• Exercise requirements: The expected answer comprises all lines from the entries that contain the string "Avenue".

Top of Data in this exercise

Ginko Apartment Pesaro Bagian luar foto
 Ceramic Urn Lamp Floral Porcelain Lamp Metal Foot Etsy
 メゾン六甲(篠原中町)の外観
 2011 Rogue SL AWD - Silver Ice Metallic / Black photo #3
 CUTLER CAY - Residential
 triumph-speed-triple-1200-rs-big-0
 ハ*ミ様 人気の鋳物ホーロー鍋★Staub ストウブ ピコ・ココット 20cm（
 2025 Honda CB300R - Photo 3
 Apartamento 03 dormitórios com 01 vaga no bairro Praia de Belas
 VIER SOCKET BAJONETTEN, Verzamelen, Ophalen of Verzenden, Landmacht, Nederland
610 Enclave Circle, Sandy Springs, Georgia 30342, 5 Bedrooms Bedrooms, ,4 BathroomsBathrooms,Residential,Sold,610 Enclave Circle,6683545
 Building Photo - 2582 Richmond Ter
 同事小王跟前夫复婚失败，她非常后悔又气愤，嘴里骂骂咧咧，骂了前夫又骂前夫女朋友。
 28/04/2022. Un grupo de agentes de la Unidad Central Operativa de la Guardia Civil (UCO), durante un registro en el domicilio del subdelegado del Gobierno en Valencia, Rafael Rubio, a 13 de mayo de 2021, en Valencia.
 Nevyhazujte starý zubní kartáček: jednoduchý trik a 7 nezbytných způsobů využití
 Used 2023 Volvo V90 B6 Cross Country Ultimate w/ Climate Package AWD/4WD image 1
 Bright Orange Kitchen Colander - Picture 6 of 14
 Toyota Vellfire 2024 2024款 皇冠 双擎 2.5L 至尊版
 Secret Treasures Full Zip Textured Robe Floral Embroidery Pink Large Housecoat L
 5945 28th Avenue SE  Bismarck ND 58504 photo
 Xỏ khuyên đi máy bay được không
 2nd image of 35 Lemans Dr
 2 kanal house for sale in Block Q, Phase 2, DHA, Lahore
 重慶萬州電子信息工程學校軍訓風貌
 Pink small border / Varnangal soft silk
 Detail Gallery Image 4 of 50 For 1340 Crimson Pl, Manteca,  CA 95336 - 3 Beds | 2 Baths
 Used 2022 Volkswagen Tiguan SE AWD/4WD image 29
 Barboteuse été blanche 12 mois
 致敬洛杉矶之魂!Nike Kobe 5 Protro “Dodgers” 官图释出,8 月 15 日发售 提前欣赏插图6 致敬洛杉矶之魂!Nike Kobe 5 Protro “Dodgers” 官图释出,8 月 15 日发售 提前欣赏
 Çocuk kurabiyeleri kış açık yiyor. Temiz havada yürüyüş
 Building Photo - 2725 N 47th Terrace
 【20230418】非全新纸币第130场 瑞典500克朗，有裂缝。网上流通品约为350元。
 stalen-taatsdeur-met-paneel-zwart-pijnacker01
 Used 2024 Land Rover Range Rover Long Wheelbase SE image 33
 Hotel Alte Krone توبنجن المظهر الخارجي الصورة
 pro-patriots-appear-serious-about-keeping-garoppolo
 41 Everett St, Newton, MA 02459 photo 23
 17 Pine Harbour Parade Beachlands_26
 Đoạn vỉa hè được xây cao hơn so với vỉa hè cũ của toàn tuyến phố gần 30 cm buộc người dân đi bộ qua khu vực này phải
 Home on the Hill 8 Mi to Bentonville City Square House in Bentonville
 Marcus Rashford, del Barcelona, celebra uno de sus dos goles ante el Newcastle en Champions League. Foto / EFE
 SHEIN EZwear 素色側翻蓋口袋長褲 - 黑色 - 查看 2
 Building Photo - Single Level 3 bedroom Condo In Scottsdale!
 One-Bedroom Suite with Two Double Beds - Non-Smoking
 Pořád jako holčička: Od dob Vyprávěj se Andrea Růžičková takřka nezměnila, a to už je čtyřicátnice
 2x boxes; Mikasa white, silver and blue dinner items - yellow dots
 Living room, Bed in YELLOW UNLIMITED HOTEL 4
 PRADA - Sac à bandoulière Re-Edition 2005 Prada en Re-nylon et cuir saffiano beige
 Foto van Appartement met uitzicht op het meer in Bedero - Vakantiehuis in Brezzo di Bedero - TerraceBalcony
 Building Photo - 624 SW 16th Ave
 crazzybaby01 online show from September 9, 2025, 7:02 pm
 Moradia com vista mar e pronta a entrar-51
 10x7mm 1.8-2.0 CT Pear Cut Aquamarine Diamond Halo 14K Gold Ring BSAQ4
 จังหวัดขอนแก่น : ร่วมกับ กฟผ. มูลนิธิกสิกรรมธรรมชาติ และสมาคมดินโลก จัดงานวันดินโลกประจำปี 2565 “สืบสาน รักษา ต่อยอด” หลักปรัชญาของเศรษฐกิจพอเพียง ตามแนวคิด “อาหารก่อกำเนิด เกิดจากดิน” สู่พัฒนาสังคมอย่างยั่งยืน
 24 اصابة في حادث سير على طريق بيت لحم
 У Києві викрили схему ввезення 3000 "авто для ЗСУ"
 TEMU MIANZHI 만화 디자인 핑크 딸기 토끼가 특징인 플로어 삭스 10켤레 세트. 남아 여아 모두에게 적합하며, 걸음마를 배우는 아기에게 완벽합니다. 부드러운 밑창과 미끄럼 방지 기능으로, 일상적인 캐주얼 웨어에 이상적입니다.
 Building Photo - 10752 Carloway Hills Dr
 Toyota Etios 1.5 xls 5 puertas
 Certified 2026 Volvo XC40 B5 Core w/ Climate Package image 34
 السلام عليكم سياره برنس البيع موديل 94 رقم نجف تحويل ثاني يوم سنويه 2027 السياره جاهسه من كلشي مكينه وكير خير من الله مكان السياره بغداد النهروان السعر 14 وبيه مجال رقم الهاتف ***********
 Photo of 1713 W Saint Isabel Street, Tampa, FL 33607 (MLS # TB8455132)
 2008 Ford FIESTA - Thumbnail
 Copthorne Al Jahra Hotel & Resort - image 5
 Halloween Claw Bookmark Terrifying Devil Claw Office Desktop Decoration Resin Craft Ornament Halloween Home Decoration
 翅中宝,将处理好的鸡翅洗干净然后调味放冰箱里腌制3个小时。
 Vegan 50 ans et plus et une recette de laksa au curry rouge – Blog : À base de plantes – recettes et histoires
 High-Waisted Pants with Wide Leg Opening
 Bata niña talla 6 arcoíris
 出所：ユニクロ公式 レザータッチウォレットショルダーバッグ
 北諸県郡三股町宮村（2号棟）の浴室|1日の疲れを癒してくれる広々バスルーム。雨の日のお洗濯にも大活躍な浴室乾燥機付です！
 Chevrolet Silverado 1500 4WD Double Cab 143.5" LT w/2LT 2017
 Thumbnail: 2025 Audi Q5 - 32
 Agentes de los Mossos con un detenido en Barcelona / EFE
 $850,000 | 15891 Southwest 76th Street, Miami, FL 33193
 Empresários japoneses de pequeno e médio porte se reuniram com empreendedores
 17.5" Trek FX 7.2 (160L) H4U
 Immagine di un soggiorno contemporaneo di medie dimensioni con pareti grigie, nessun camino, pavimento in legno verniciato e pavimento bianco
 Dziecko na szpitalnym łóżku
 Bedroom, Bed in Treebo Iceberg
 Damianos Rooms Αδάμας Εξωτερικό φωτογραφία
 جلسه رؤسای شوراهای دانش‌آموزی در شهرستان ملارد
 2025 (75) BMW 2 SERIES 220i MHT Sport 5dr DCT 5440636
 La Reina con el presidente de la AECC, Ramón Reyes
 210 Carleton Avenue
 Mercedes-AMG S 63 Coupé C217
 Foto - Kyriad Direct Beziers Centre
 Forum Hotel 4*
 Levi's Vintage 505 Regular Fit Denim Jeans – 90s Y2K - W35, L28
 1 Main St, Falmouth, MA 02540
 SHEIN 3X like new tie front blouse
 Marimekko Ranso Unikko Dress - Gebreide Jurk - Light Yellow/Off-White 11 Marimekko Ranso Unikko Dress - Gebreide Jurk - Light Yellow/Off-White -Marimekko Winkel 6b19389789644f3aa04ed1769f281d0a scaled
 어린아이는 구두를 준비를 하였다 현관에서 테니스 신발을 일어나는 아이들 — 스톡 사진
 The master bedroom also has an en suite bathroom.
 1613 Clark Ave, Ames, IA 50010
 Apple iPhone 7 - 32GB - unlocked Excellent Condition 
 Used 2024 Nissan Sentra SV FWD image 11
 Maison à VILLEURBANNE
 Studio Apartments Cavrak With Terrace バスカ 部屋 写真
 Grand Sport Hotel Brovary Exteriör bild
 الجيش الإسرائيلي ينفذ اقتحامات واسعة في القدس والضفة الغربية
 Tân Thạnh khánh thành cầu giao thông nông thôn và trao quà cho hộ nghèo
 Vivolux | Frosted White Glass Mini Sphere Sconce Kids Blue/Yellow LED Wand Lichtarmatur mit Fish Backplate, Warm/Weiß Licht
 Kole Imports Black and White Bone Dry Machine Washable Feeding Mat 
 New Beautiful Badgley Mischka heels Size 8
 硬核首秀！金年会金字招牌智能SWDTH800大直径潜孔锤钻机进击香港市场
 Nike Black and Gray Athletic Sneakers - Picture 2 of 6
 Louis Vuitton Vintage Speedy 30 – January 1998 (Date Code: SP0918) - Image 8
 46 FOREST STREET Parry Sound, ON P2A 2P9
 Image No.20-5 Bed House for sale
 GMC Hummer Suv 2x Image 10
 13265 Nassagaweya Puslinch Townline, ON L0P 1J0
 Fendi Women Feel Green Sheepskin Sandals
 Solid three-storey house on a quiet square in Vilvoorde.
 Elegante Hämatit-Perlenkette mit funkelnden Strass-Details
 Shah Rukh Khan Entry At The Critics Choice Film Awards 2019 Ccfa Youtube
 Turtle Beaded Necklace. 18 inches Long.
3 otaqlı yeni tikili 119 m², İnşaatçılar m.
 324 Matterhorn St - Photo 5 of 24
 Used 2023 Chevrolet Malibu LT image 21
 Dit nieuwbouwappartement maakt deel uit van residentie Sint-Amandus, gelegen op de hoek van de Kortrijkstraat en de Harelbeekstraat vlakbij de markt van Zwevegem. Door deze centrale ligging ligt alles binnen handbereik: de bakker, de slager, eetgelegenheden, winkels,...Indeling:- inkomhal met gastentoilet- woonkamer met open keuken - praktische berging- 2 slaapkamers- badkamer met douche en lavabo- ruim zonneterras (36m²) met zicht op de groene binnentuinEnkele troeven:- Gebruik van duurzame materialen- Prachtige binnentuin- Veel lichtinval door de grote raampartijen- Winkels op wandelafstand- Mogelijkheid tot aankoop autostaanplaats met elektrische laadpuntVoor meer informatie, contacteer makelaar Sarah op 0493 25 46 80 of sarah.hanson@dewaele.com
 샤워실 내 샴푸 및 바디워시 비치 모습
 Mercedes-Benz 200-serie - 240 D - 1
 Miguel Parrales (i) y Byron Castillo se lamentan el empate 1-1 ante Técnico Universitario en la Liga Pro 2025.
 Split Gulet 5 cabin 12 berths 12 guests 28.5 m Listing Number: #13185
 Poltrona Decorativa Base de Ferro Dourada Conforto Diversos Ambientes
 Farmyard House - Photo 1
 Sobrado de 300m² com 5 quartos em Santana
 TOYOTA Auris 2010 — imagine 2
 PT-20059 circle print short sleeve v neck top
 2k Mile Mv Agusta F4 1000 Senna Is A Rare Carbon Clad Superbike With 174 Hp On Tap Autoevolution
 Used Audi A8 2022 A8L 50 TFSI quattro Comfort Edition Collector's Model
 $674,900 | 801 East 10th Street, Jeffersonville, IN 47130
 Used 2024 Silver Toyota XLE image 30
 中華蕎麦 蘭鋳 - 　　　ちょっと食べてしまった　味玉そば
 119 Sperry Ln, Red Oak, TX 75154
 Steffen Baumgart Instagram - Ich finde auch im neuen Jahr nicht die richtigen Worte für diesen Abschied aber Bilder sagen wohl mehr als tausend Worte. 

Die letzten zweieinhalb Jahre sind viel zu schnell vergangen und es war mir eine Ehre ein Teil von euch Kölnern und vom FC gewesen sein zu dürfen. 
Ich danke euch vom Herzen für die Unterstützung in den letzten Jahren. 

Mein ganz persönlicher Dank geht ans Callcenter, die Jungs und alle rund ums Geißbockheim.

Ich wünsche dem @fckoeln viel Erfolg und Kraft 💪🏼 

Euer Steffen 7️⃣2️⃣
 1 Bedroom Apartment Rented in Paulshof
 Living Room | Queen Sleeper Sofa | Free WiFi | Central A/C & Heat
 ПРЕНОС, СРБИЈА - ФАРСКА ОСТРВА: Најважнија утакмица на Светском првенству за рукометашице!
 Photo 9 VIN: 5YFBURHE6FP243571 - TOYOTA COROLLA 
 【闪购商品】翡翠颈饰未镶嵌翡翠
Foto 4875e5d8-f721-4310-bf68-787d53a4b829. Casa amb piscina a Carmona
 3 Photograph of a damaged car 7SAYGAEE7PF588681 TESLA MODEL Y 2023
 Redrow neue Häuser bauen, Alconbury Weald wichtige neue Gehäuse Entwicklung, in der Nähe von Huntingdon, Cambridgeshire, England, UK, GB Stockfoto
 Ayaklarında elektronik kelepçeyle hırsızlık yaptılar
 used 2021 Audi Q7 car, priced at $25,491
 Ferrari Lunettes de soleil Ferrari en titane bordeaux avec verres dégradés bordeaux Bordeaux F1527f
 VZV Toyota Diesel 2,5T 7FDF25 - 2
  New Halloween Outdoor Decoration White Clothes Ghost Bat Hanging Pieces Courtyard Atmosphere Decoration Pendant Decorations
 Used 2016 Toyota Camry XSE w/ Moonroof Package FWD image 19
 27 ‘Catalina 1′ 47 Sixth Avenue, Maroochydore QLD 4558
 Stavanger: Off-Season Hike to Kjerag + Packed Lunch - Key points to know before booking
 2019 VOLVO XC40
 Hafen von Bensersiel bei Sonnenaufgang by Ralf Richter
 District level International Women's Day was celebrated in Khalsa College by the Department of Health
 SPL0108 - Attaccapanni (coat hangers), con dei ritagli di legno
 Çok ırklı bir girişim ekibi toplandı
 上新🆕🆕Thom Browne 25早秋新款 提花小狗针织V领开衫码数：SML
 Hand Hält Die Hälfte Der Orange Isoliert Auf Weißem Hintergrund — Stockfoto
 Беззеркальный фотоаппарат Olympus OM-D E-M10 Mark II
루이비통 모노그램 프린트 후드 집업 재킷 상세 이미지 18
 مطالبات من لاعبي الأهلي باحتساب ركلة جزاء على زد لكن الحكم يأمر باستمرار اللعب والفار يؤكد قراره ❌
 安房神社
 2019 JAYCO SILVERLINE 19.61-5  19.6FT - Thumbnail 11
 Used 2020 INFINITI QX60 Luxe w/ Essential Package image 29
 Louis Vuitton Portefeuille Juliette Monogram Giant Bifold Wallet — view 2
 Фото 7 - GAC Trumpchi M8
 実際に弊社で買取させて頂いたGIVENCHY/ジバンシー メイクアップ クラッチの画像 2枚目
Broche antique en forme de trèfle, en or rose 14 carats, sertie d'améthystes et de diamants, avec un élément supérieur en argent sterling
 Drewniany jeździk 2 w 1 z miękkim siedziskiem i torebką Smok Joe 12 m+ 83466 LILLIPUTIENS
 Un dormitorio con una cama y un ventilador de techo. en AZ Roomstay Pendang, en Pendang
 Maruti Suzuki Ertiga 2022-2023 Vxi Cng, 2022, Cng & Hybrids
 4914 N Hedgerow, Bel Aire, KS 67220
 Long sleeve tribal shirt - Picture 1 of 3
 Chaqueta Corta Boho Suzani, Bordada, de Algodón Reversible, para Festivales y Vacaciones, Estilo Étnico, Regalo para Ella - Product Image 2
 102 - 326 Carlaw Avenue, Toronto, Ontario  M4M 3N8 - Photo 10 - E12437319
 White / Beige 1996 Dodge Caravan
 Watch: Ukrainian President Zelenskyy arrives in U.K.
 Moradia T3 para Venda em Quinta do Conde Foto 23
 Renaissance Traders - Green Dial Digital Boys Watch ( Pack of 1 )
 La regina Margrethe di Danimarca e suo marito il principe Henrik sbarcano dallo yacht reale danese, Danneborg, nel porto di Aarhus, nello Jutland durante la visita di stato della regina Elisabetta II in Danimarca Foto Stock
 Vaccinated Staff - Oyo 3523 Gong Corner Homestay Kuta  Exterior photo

Bottom of Data in this exercise

• The completed task:
 5945 28th Avenue SE  Bismarck ND 58504 photo
 210 Carleton Avenue
 27 ‘Catalina 1′ 47 Sixth Avenue, Maroochydore QLD 4558
 102 - 326 Carlaw Avenue, Toronto, Ontario  M4M 3N8 - Photo 10 - E12437319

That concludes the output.